To do » The line containing "OSM Route 2390034" and each line after it, through the final line of the data, are to be retyped exactly, with pictures left out.

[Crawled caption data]
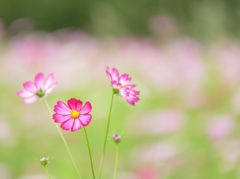 野の花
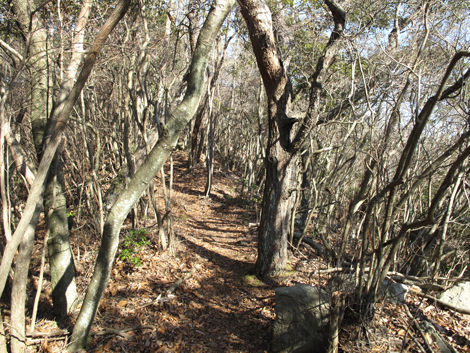 20140103hike (126)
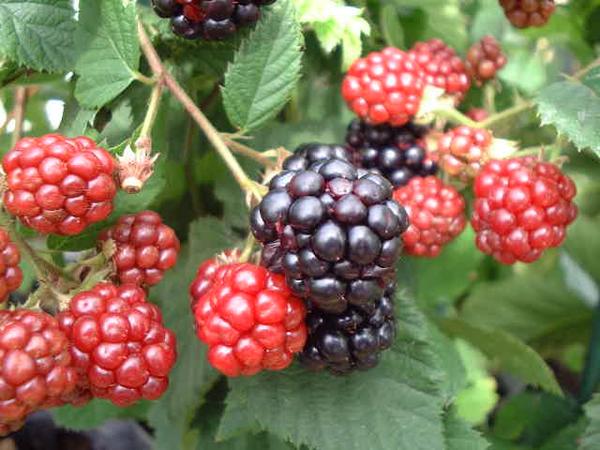 楽天市場 木いちご 木イチゴ 木苺 レッド 赤 黒 3号サイズのポット苗 ブラックベリー苗 果物 母の日 花 ガーデニング岐阜緑園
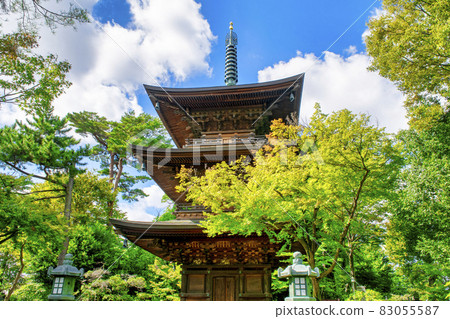 東京都世田谷區豪德寺 東京都世田谷區豪德寺 83055587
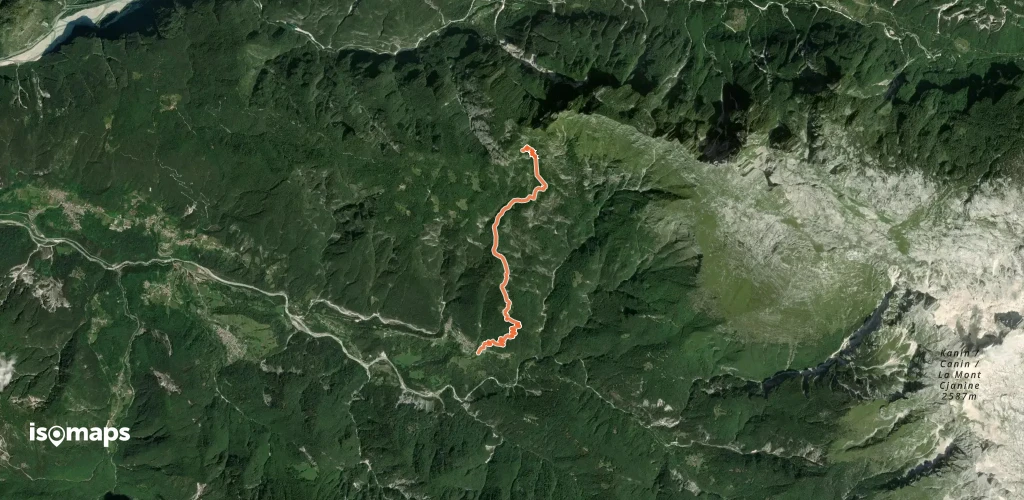 OSM Route 2390034
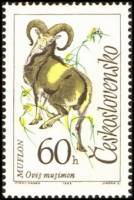 (1963-067) Марка Чехословакия "Муфлон "    Животные III O
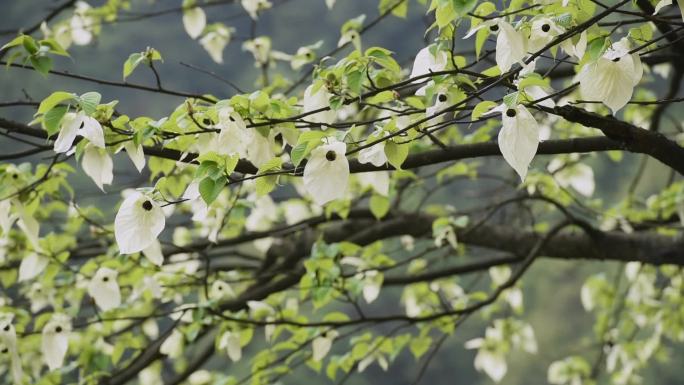 鸽子花鸽子树珙桐树恐龙时代侏罗纪公园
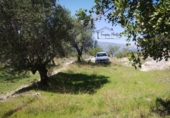 Finca rústica en venta en Tortosa ref: TR360694 foto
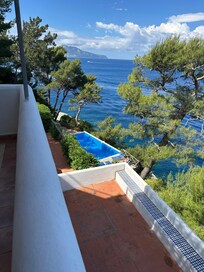 The pool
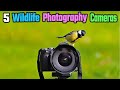 Best Cameras For Wildlife Photography On 2024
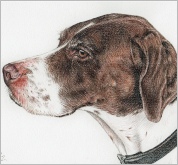 Coloured Pencil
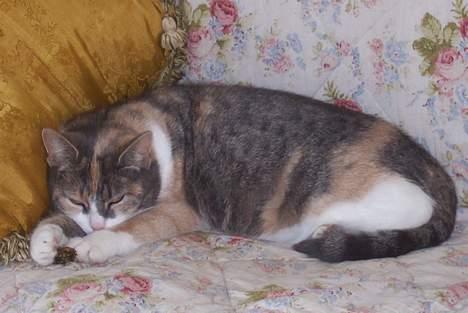 Huskat Frida billede 5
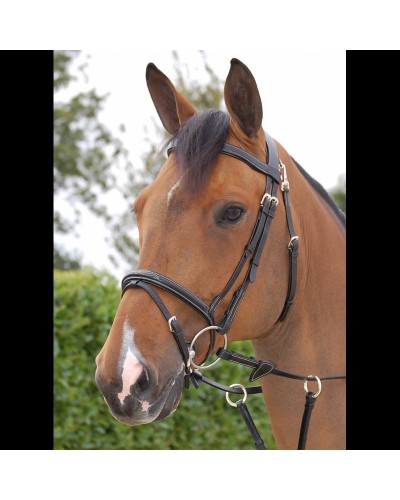 Bridon DY'ON "Working bridle"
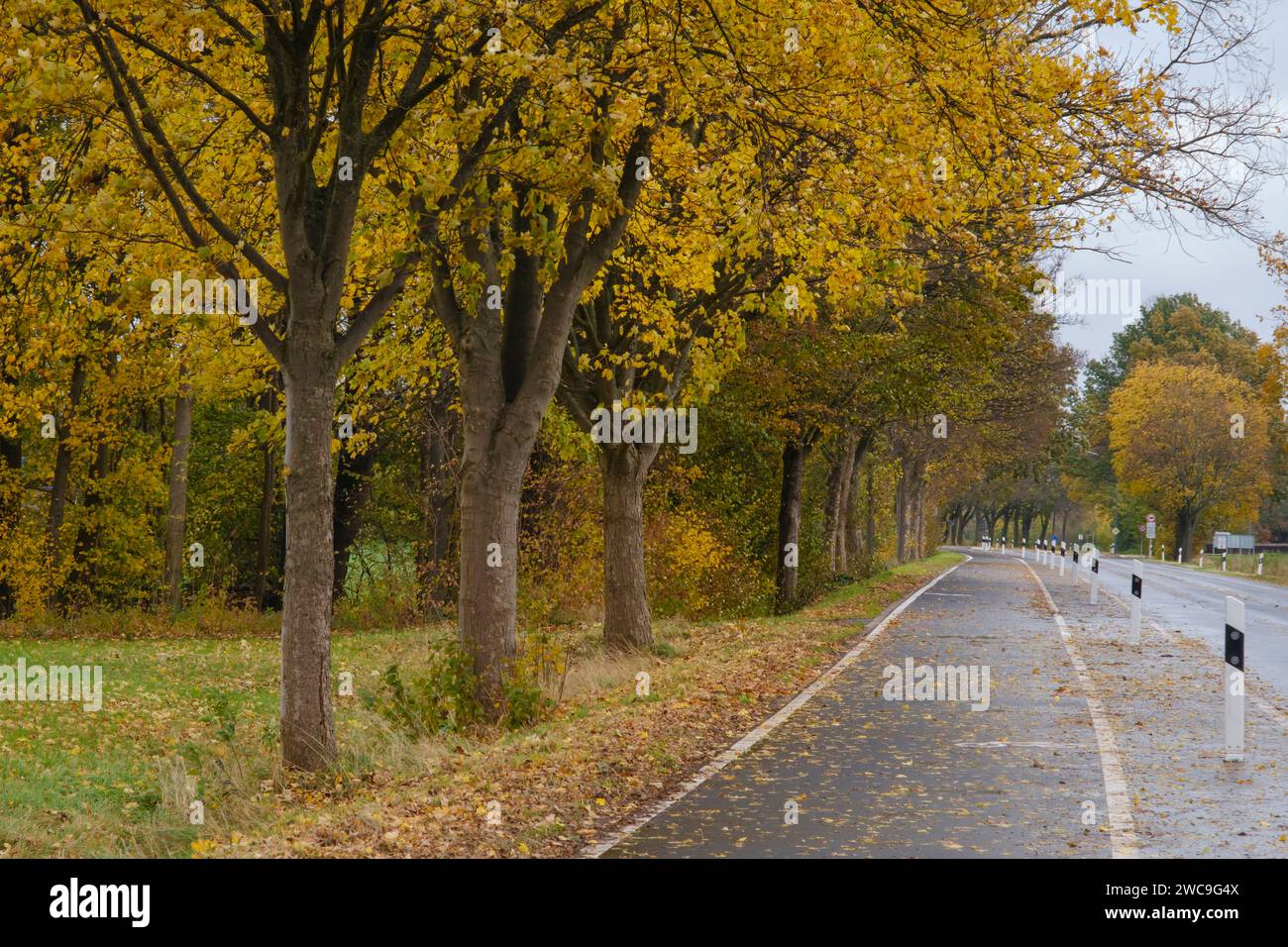 Piste cyclable avec feuilles d'automne Banque D'Images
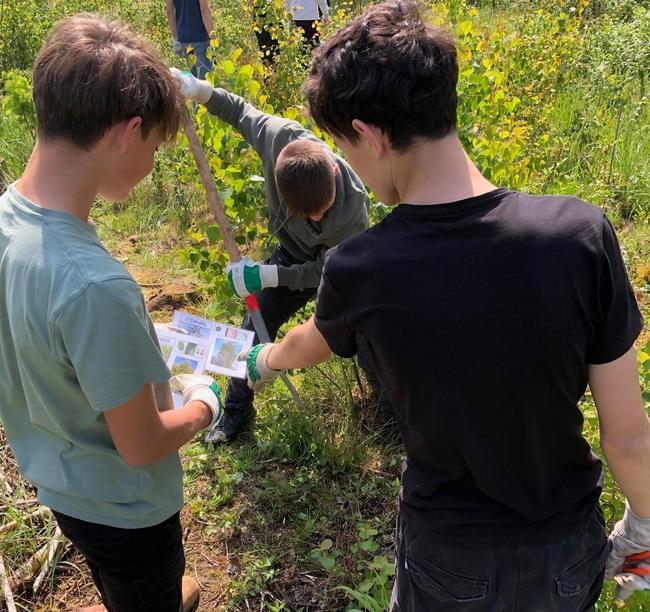 Schülerinnen und Schüler forsten Waldstück auf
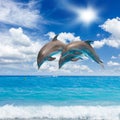 Three jumping dolphins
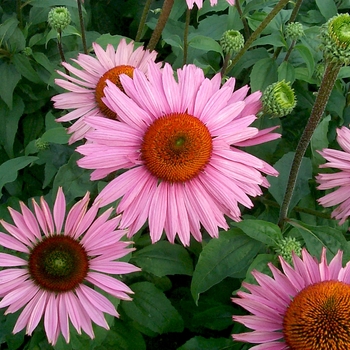 Echinacea purpurea Prairie Pillars™ 'Ruby Giant'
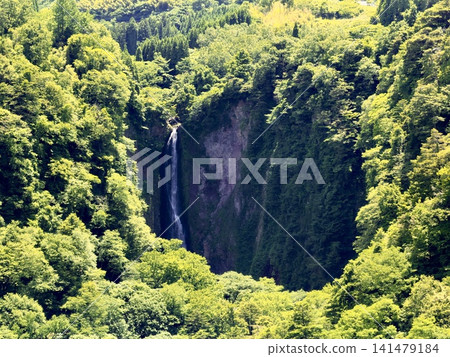 九重夢吊橋是日本最高的行人吊橋,橫跨大分縣九重町的鳴小川峽谷。 九重夢吊橋是日本最高的行人吊橋,橫跨大分縣九重町的鳴小川峽谷。 141479184
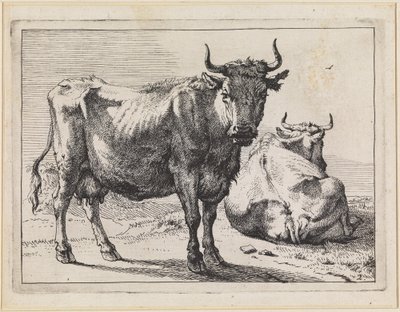A Standing and a Lying Cow by Paulus Potter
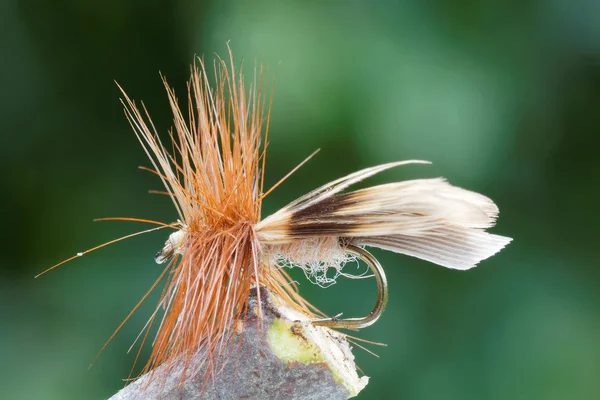 Brown dry fly fishing fly, leafs in background out of focus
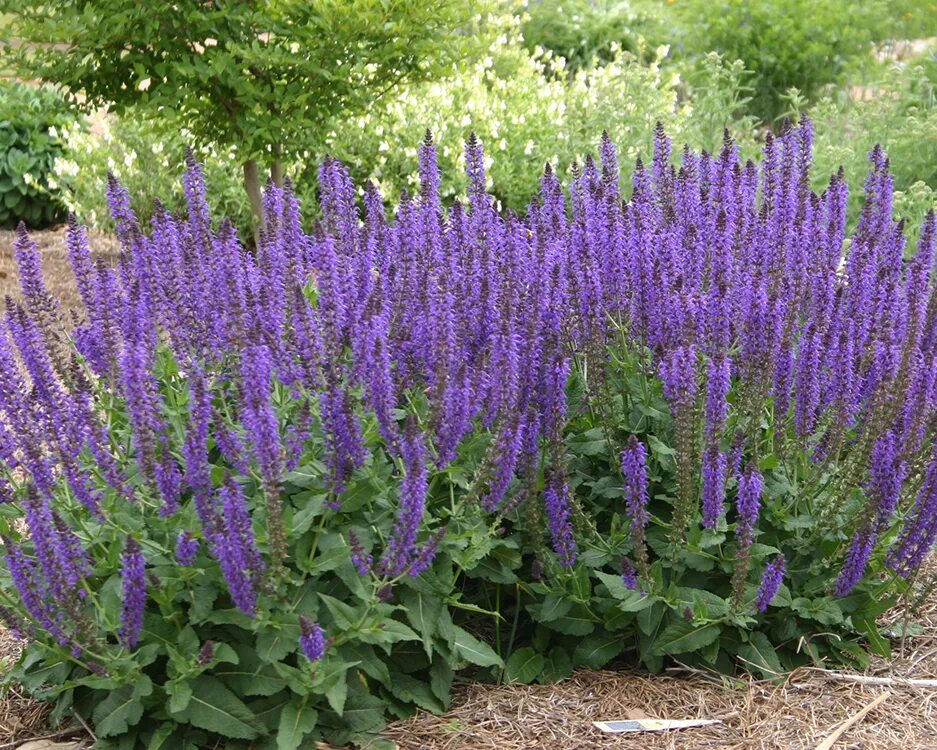 Шалфей дубравный карадонна. Шалфей стоит. Шалфей стоит. Шалфей листья ф/п 1. Шалфей лекарственный.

Final answer »
 OSM Route 2390034
 (1963-067) Марка Чехословакия "Муфлон "    Животные III O
 鸽子花鸽子树珙桐树恐龙时代侏罗纪公园
 Finca rústica en venta en Tortosa ref: TR360694 foto
 The pool
 Best Cameras For Wildlife Photography On 2024
 Coloured Pencil
 Huskat Frida billede 5
 Bridon DY'ON "Working bridle"
 Piste cyclable avec feuilles d'automne Banque D'Images
 Schülerinnen und Schüler forsten Waldstück auf
 Three jumping dolphins
 Echinacea purpurea Prairie Pillars™ 'Ruby Giant'
 九重夢吊橋是日本最高的行人吊橋,橫跨大分縣九重町的鳴小川峽谷。 九重夢吊橋是日本最高的行人吊橋,橫跨大分縣九重町的鳴小川峽谷。 141479184
A Standing and a Lying Cow by Paulus Potter
 Brown dry fly fishing fly, leafs in background out of focus
 Шалфей дубравный карадонна. Шалфей стоит. Шалфей стоит. Шалфей листья ф/п 1. Шалфей лекарственный.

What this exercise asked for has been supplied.